地質学への映像・画像技術の応用を考えるとき,植生被覆のほとんどない海外であれば航空写真のみからでも多くの情報を得ることができるが,厚い植生に被覆されている我が国では地形情報が何よりも重要となる.現在では,さまざまなプラットフォームにより目的に応じたデータの取得が可能となっており,人工衛星,航空機,UAV(Unmanned Aerial Vehicle:無人航空機),地上機器などを活用できる.
地質学への応用という点から技術的なトピックスを考える上でポイントとなるのは,以下の4点であろう.
(1)地質学では地表の点データをつなぎ合わせて空間的な広がりを持たせるために,地上でも水面下でも地表面の地形データが必須である.これには簡単にDTM(Digital Terrain Model:数値地形モデル)データを作れるようになったレーザーなどの技術は大変重要である.
(2)平成23年の東北地方太平洋沖地震による被災地のような南北500 km以上に及ぶ広域災害の状況把握や海洋上の孤島,また火山活動などにより航空機での対応が難しい場合や夜間の場合でも人工衛星により多くの情報を得ることができる.また,人工衛星ではさまざまな現象の推移などを継続的に追跡・監視することが可能である.
(3)直接アタックするには危険であったり,難しかったりするなどの斜面や対象物など限定的な範囲または用途であれば,無人航空機や地上機器からでも容易に対応できる.
(4)地質学応用としては,一度DTMなどのディジタルデータとして取得しておけば複数回の計測によって,地表面の変位を継続的に追跡し得る.

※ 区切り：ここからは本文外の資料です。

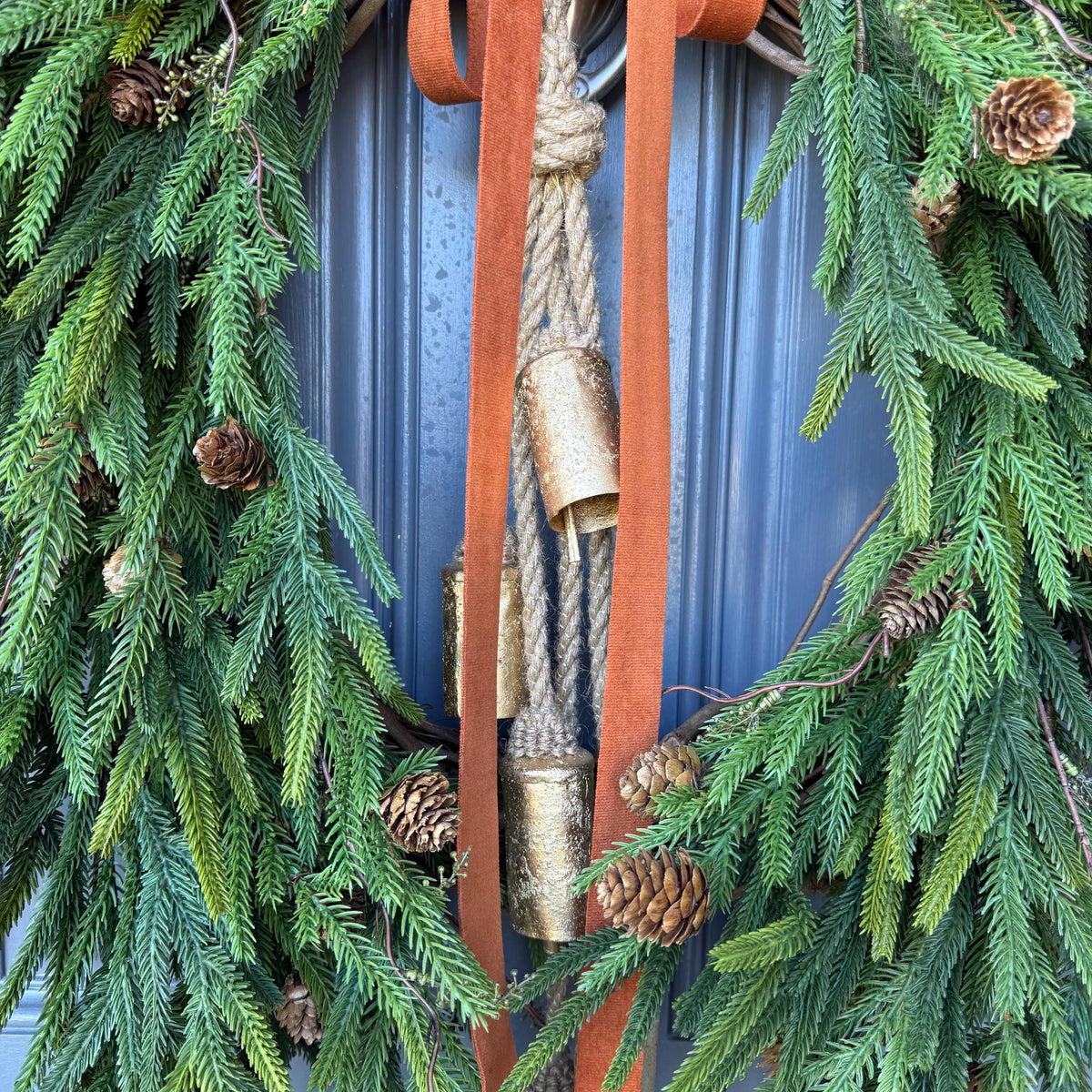 Fall greenery norfolk pine front door wreath with brass bells, Fall season, Thanksgiving wreath, Autumn wreath, Velvet double sided ribbon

本稿では航空機によるレーザー計測(LiDAR: Light Detection and Ranging)と,人工衛星,特に合成開口レーダー(SAR: Synthetic Aperture Radar)についての地質学への応用について解説する.また,資源探査に関する内容は除き,地質学応用という観点から我が国に非常に多い斜面変動,火山活動を題材に解説する.

2.LiDAR

2.1 LiDARとは

レーザー光を地表などに照射し,照射点までの距離を基にGPS,IMU(Inertial Measurement Unit:慣性計測装置)を用いて,照射点の座標などのデータを得ることをLiDARシステムによる計測と呼び,ただ単にLiDARと略称することもある.欧米では1990年代に商用化された技術であるが,国土地理院によって標準仕様が制定されたのは2004年〜2006年になってからである.レーザーによる計測機を搭載するのは人工衛星,航空機,自動車,地上固定型,UAVなどである.地上部に用いるレーザー光には近赤外線の波長700〜1600 nm程度のものが使われ,河川や海などの水部にはグリーンレーザー(波長495〜570 nm)が使われる.例えば,航空機からであれば,地表1 m2あたり数点以上照射できる機器能力があり,平らな地表であれば,おおよそ数10 cm程度の円形に近い形の大きさでレーザーが連続的に照射される.レーザーの最大照射回数は200〜500 kHzに及ぶが,もちろん安全性が確保されるレーザーの照射強度である.